_About this exercise_: Please set down, word for word, the line that contains "ヴェルファイアのJスライド・" and every line after it to the end of the entries below, omitting the pictures.

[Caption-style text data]
_ _ _ _
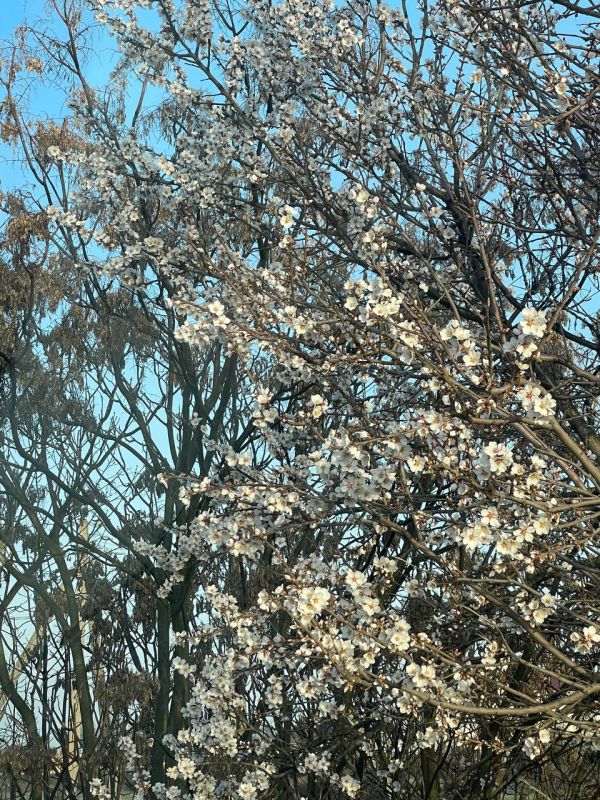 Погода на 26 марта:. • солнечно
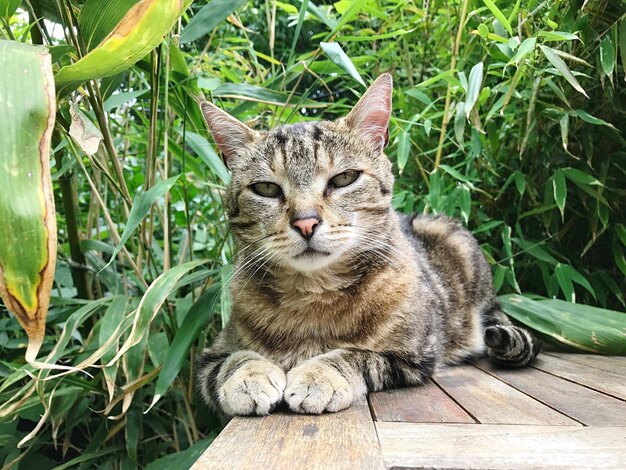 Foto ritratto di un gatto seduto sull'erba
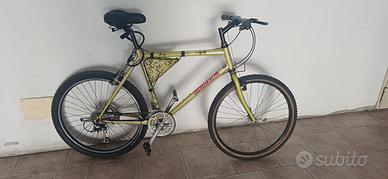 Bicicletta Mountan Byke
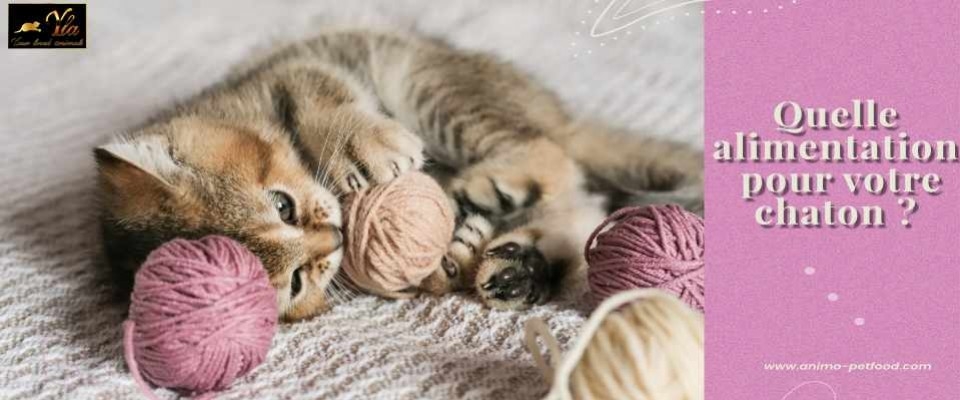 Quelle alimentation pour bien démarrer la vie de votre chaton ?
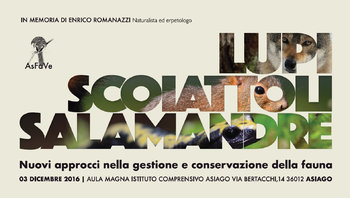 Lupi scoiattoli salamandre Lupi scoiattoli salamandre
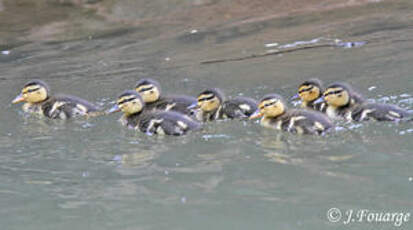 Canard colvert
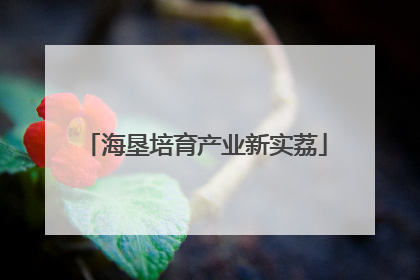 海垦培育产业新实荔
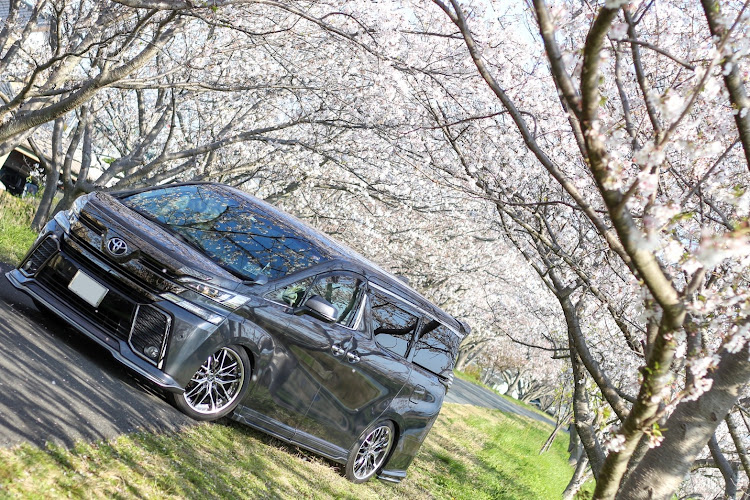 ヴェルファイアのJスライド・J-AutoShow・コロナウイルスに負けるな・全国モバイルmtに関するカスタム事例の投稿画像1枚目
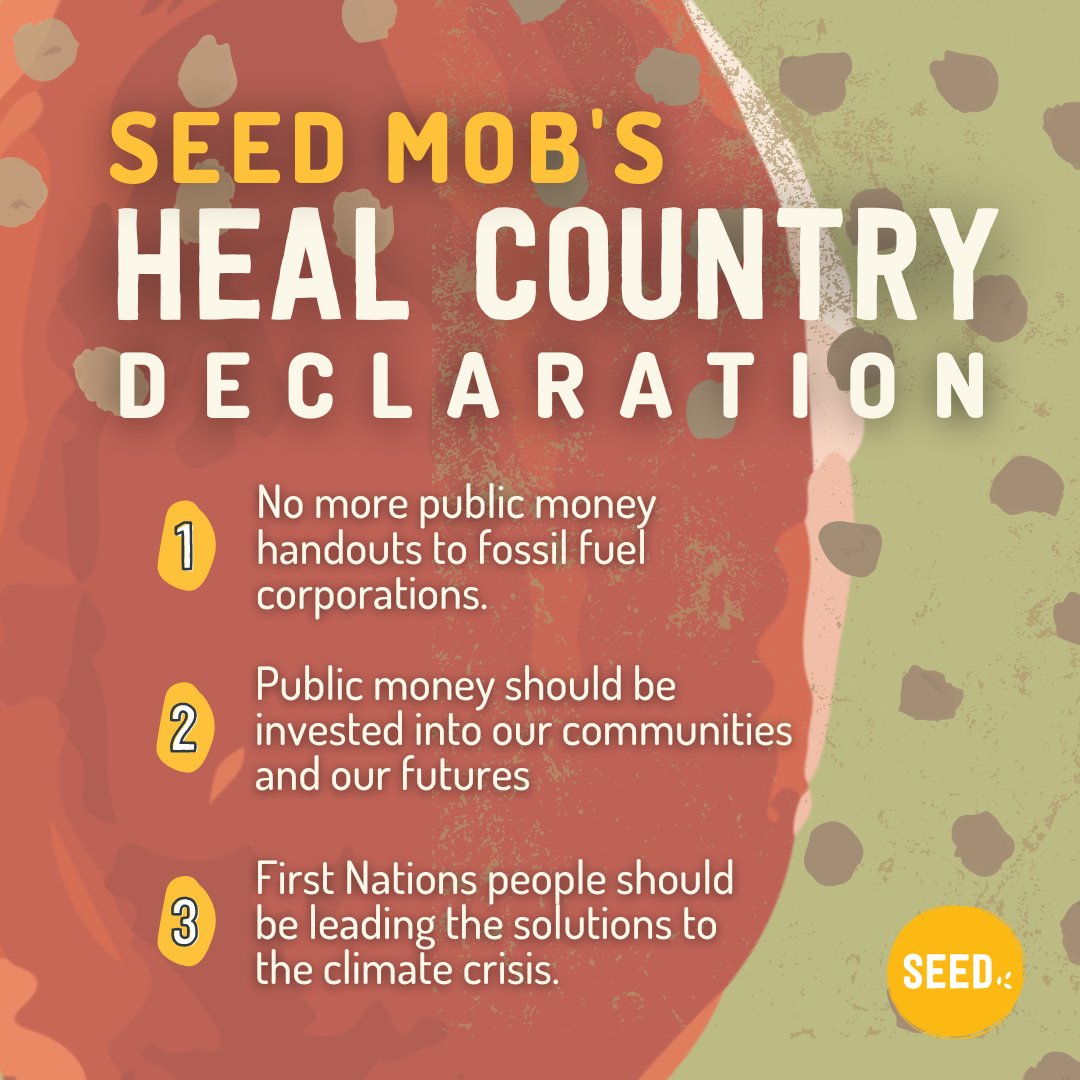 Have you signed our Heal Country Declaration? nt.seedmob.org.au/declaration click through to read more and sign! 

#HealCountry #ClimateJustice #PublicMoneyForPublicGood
_ _ _ _
_Exercise solution_:
 ヴェルファイアのJスライド・J-AutoShow・コロナウイルスに負けるな・全国モバイルmtに関するカスタム事例の投稿画像1枚目
 Have you signed our Heal Country Declaration? nt.seedmob.org.au/declaration click through to read more and sign! 

#HealCountry #ClimateJustice #PublicMoneyForPublicGood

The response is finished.